KLXF
- Modesto, California; United States;
- Broadcast area: Central Valley
- Frequency: 90.5 MHz (HD Radio)

Programming
- Format: Contemporary Christian
- Subchannels: HD2: Air1; HD3: K-Love Eras; HD4: Radio Nueva Vida;
- Network: K-Love

Ownership
- Owner: Educational Media Foundation

History
- First air date: 1989
- Former call signs: KADV (1987–2016)

Technical information
- Licensing authority: FCC
- Facility ID: 43333
- Class: A
- ERP: 1,500 watts
- HAAT: 38 meters (125 ft)
- Transmitter coordinates: 37°36′28″N 120°57′27″W﻿ / ﻿37.60778°N 120.95750°W
- Translators: 99.5 K258AB (Modesto); 101.9 K270BE (Modesto); HD4: 102.9 K275CE (Patterson);

Links
- Public license information: Public file; LMS;
- Webcast: Listen live
- Website: klove.com

= KLXF =

K-Love radio station in Modesto, California, United States

KLXF (90.5 FM) is a non-commercial radio station licensed to Modesto, California, United States. Formerly a full-time satellite of KARM in Visalia, the station is now the Modesto, CA affiliate of EMF's K-Love Christian Music network. It was previously owned by Central Valley Christian Academy, a Seventh-Day Adventist institution, but was operated by KARM owner Harvest Broadcasting under a local marketing agreement.

==History==
This station received its original construction permit from the Federal Communications Commission on July 6, 1987. The new station was assigned the KADV call sign by the FCC on August 26, 1987. KADV received its license to cover from the FCC on June 6, 1989.

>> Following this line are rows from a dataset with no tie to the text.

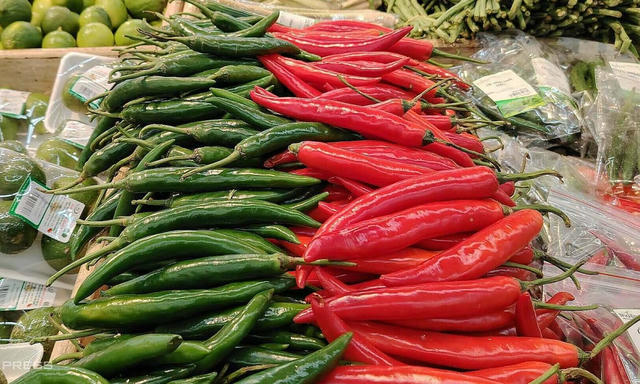 Giá ớt tăng gấp ba lần sau bão lũ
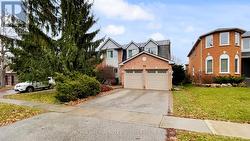 719 SHANAHAN BOULEVARD Newmarket, ON L3X 1P8
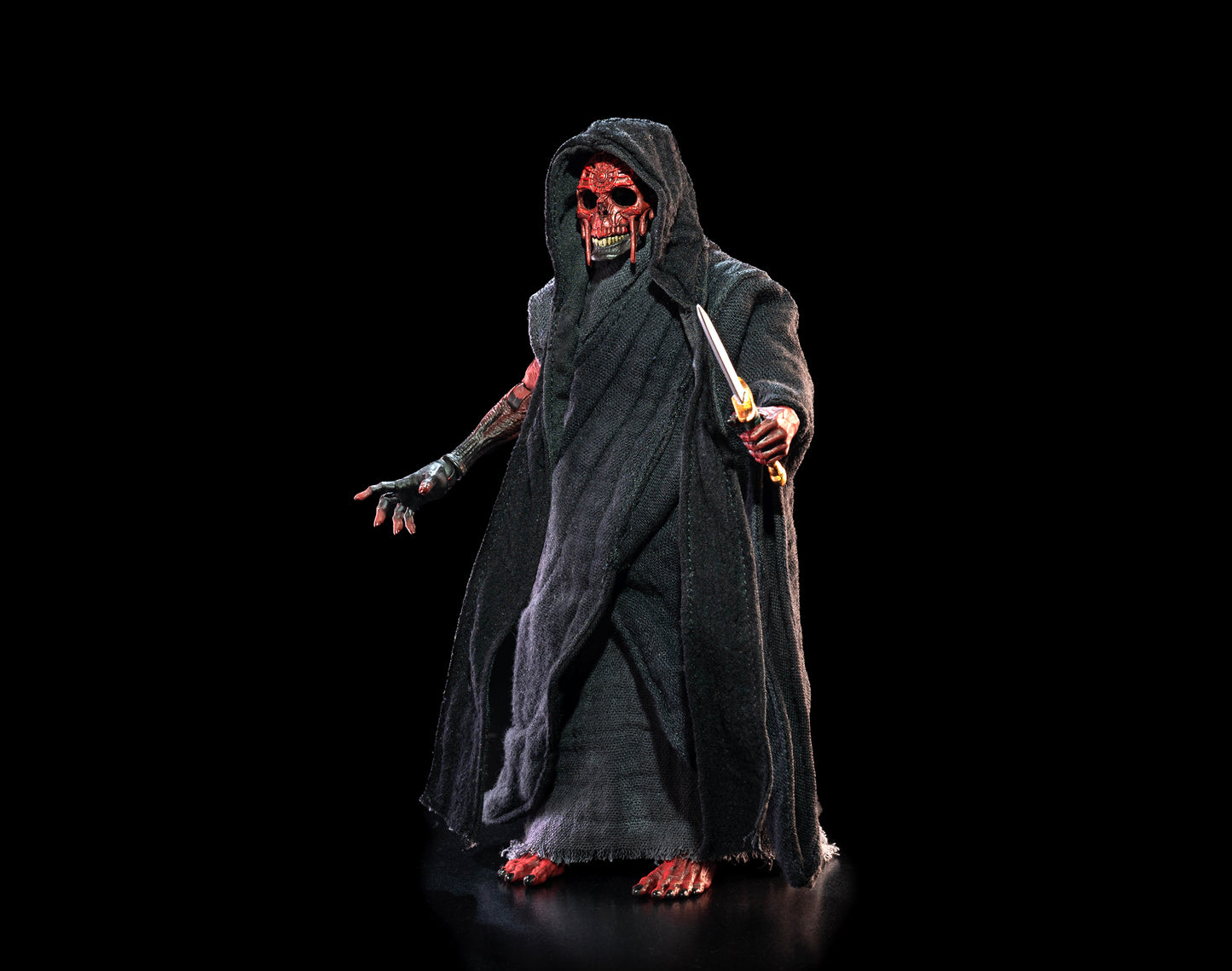 PRE-ORDER Figura Obscura: The Masque of the Red Death, Black Robes Edition (Retailer Exclusive)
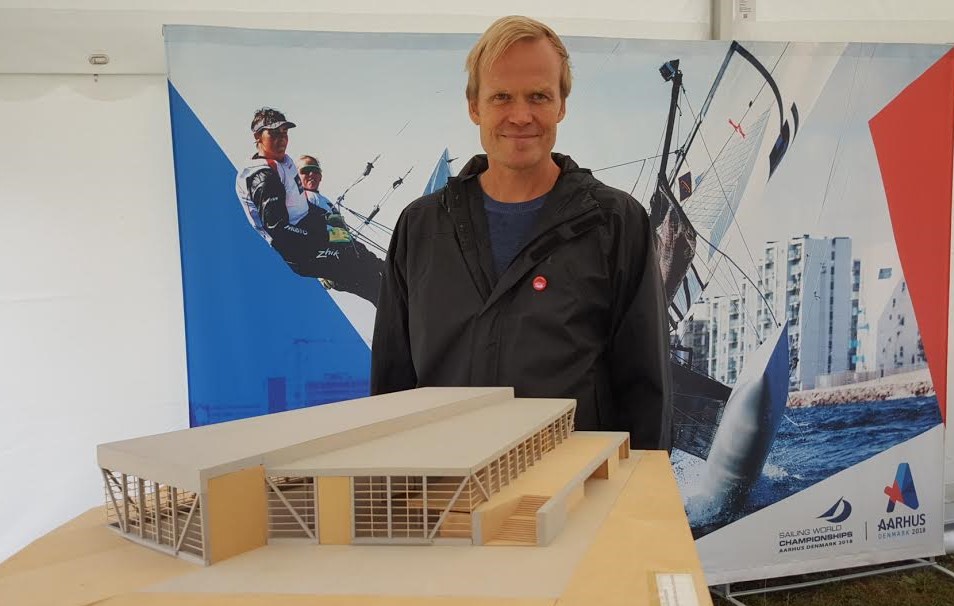 Sejlsportscenteret er tegnet af arkitektfirmaet Entasis A/S fra København. Direktør Christian Cold fortæller at det bliver et hus, der skal kunne tåle saltvand. Foto: Troels Lykke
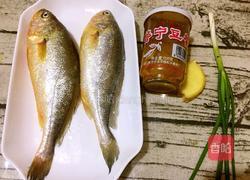 豆酱焖黄花鱼的做法图解1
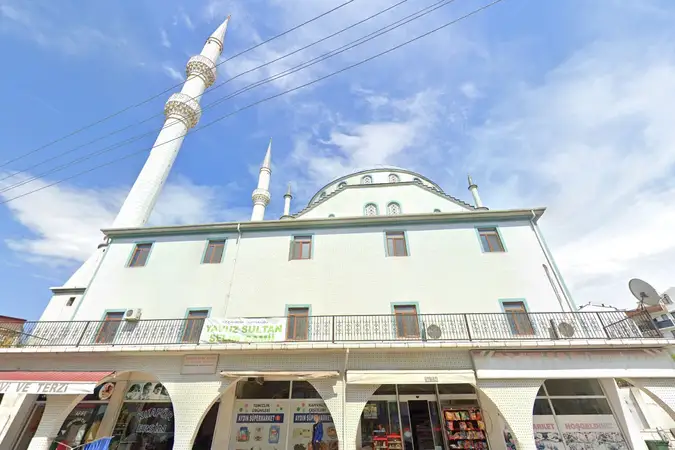Yavuz Sultan Selim Cami kapak fotoğrafı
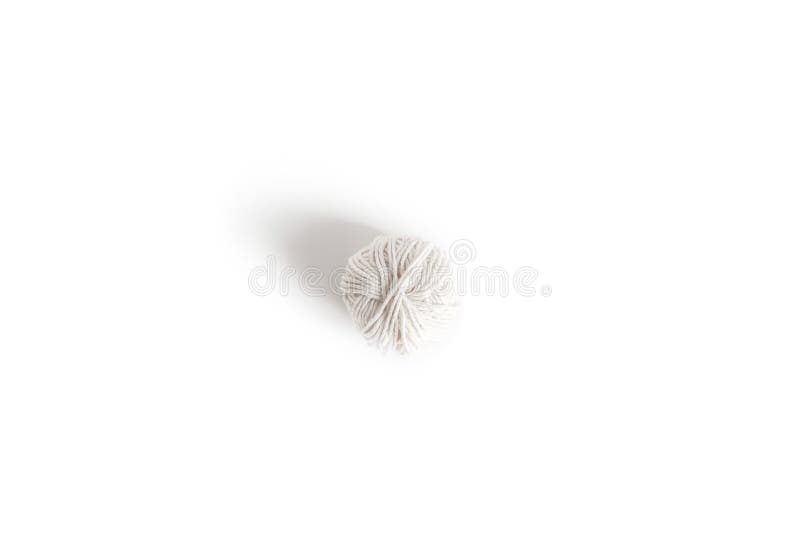 Boll av vitt garn Isolerad skein av ullbohologoen royaltyfri bild Boll av vitt garn Isolerad skein av ullbohologoen royaltyfri bild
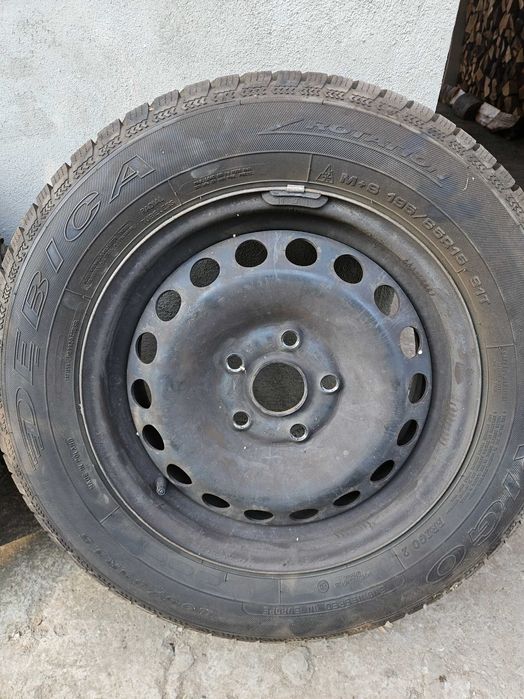 Roți iarnă complete Vw Golf, Skoda Octavia, Seat Leon 195/65 R15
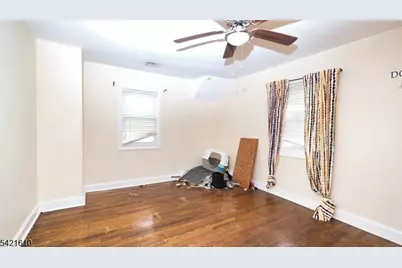 824 Chestnut St, Roselle, NJ 07203 - Photo 20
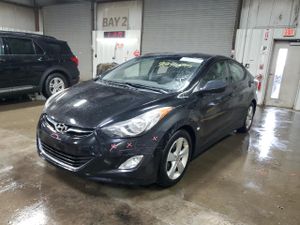 Hyundai Elantra GLS 1.8L 4 2013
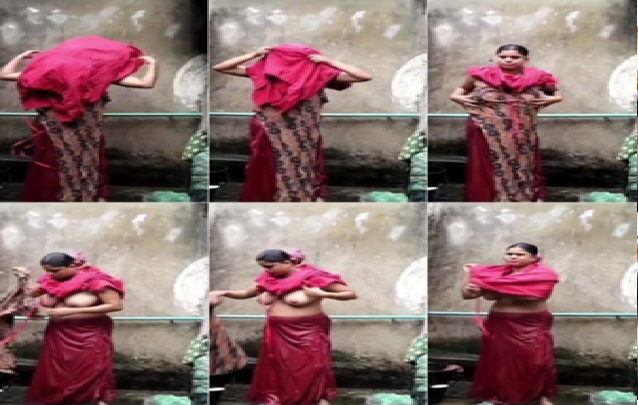 Neighbour Bhabhi Nude Captured Secretly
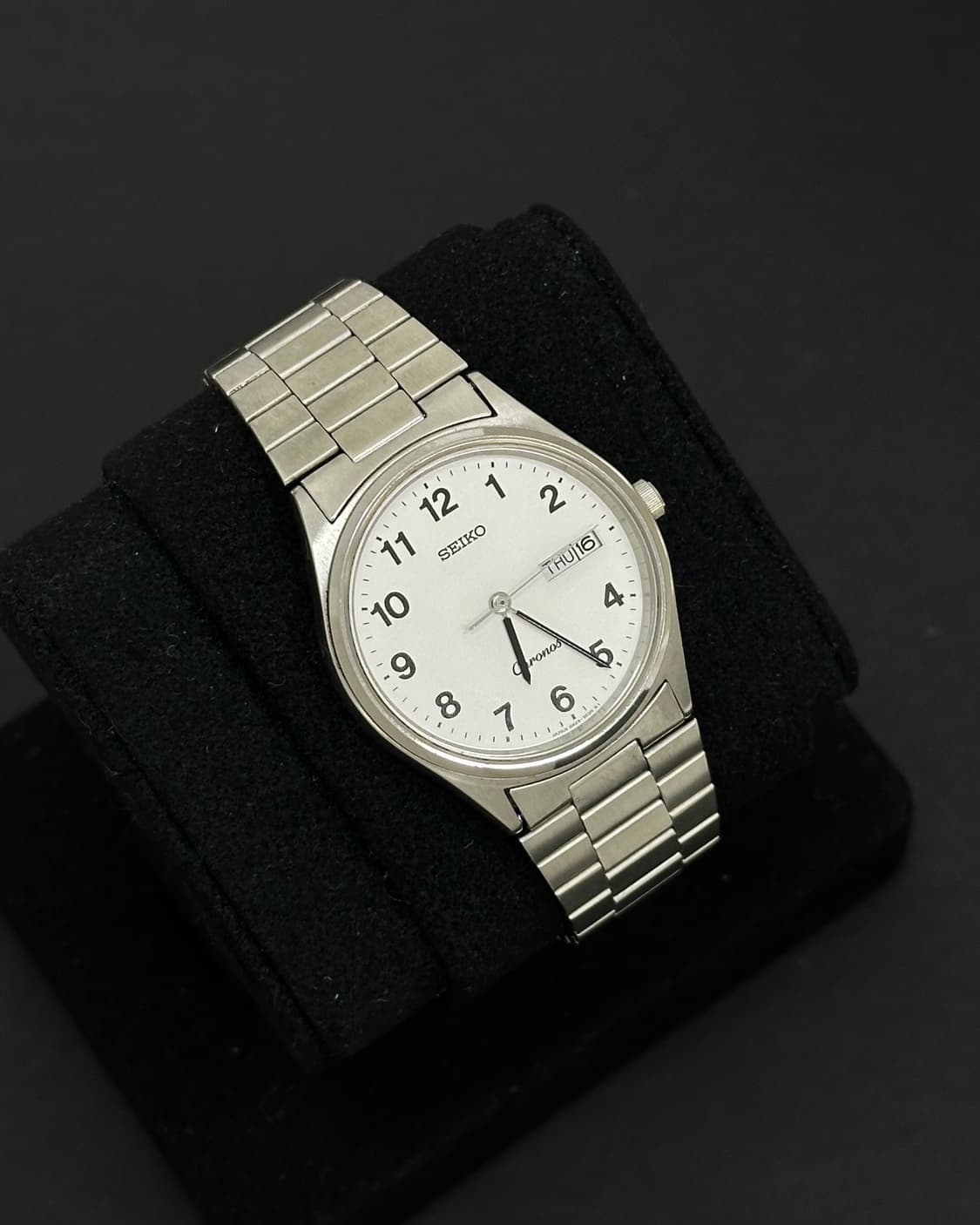 세이코 크로노스 라운드 쿼츠 시계 상품이미지1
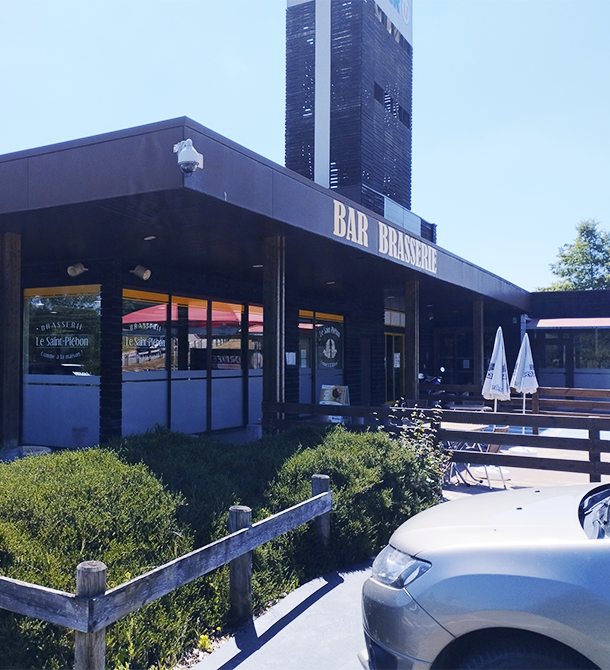 Le restaurant - LE SAINT PLEBON - restaurant VERNEUIL-SUR-VIENNE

KADV aired a religious radio format. However, in 2011, due to financial concerns, Central Valley Christian Academy agreed to turn over KADV's operations to KARM, which is also owned by Adventist interests, under an LMA.

On November 18, 2016, Central Valley Christian Academy sold KADV to Educational Media Foundation for $225,000. On November 22, 2016, KADV changed their call letters to KLXF and on December 1, changed their format to EMF's K-Love contemporary Christian format.